TASK INSTRUCTIONS >> Everything from the line with "gato birmano interactuando con su dueño" to the last line of the listing must be retyped exactly, both ends included, with the pictures dropped.

SOURCE MATERIAL >>
=-=-=-=-=
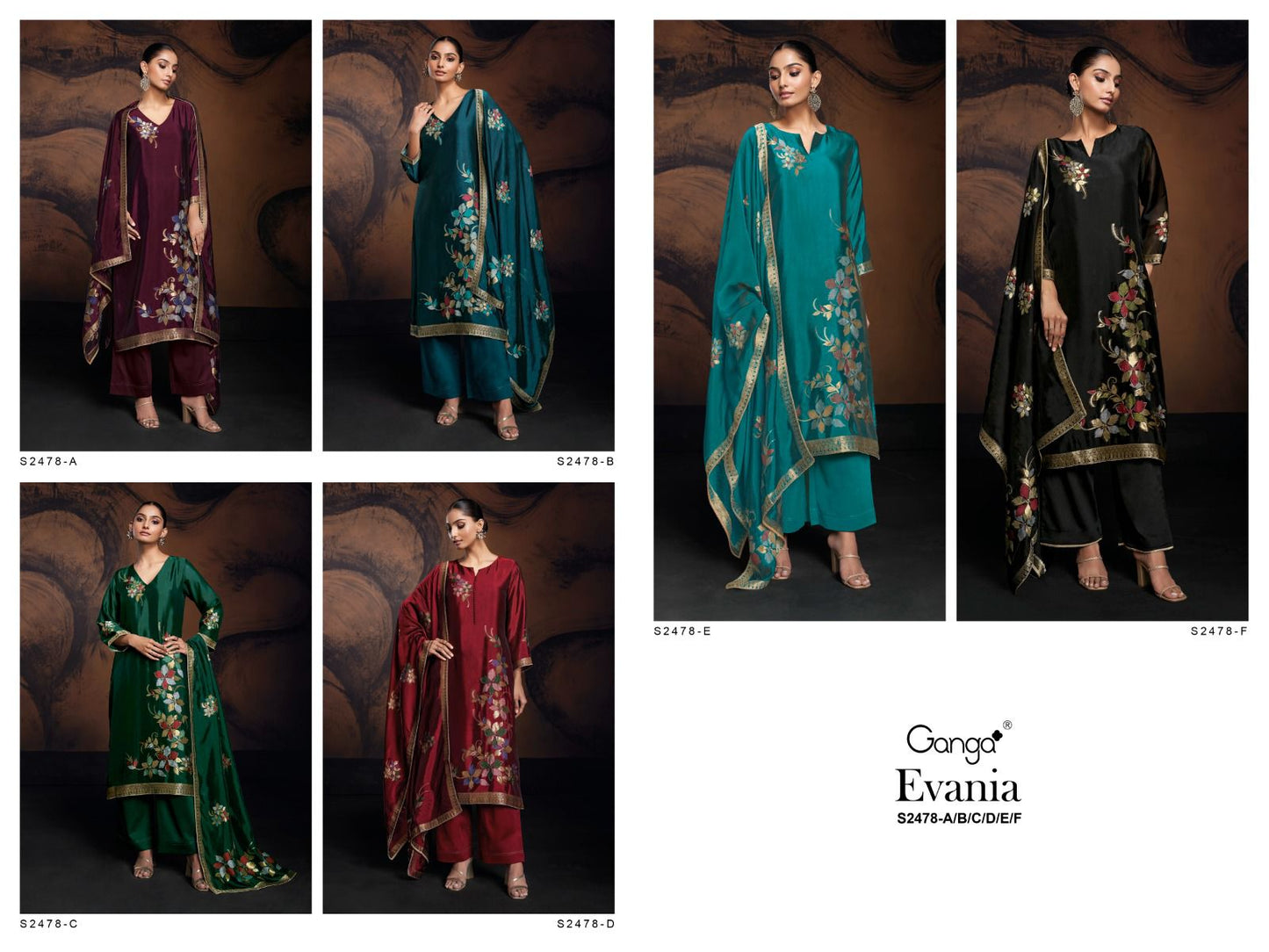 Evania 2478 Ganga Woven Silk Plazzo Style Suits Exporter India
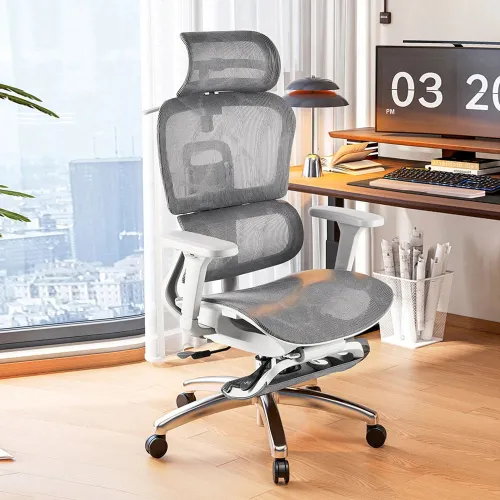Ergonomic Office Chair with 4D Lumbar Support, Breathable Mesh, Adjustable Headrest & Footrest - Ideal for Gaming & Work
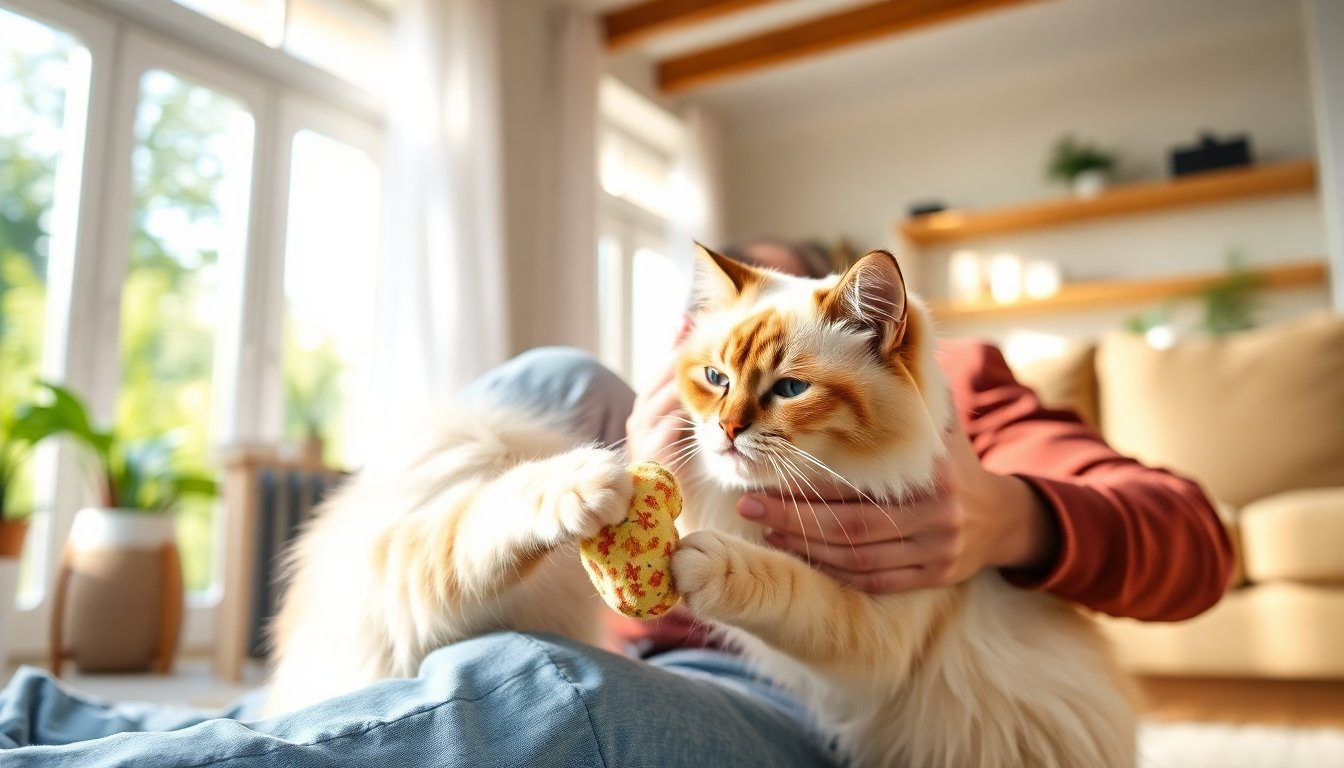 gato birmano interactuando con su dueño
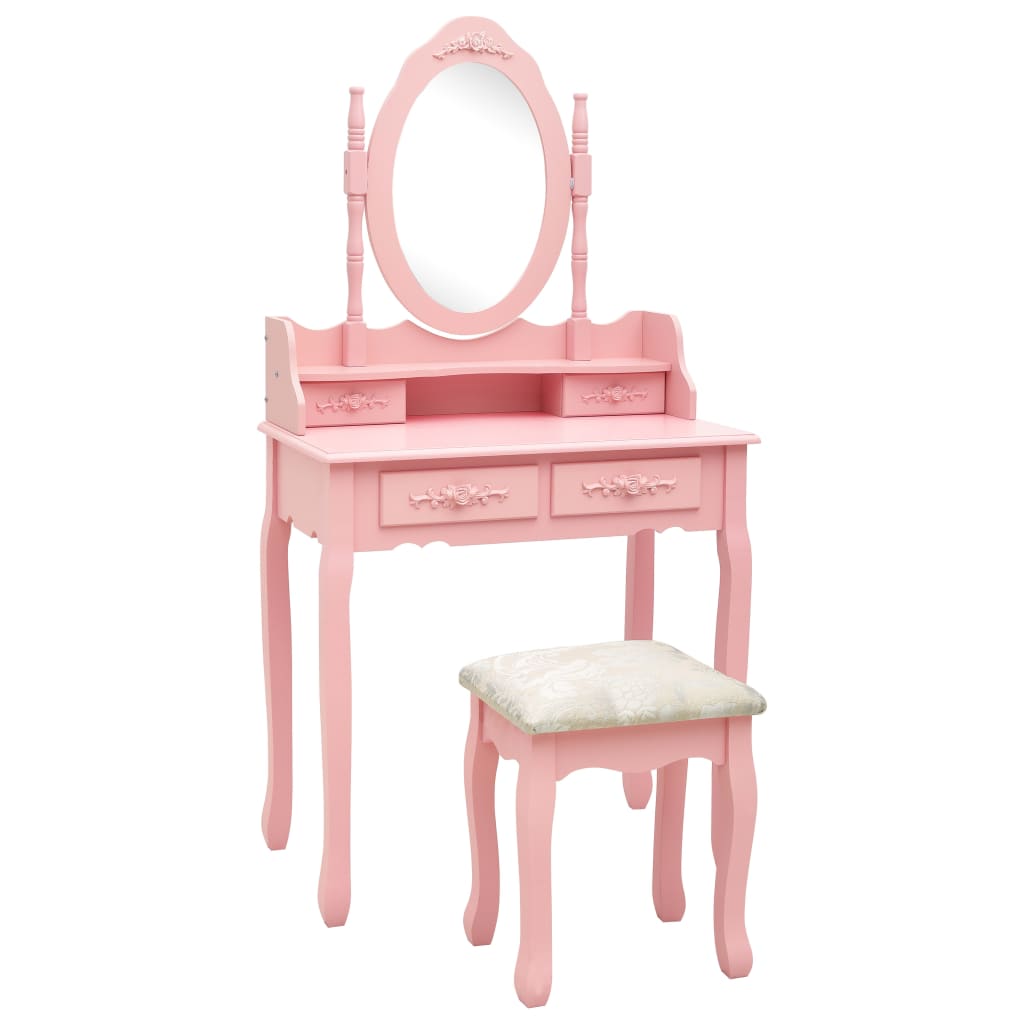 Ensemble De Coiffeuse Avec Tabouret Rose 75x69x140 Cm Paulownia Vidaxl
=-=-=-=-=
WRITTEN SOLUTION >>
 gato birmano interactuando con su dueño
 Ensemble De Coiffeuse Avec Tabouret Rose 75x69x140 Cm Paulownia Vidaxl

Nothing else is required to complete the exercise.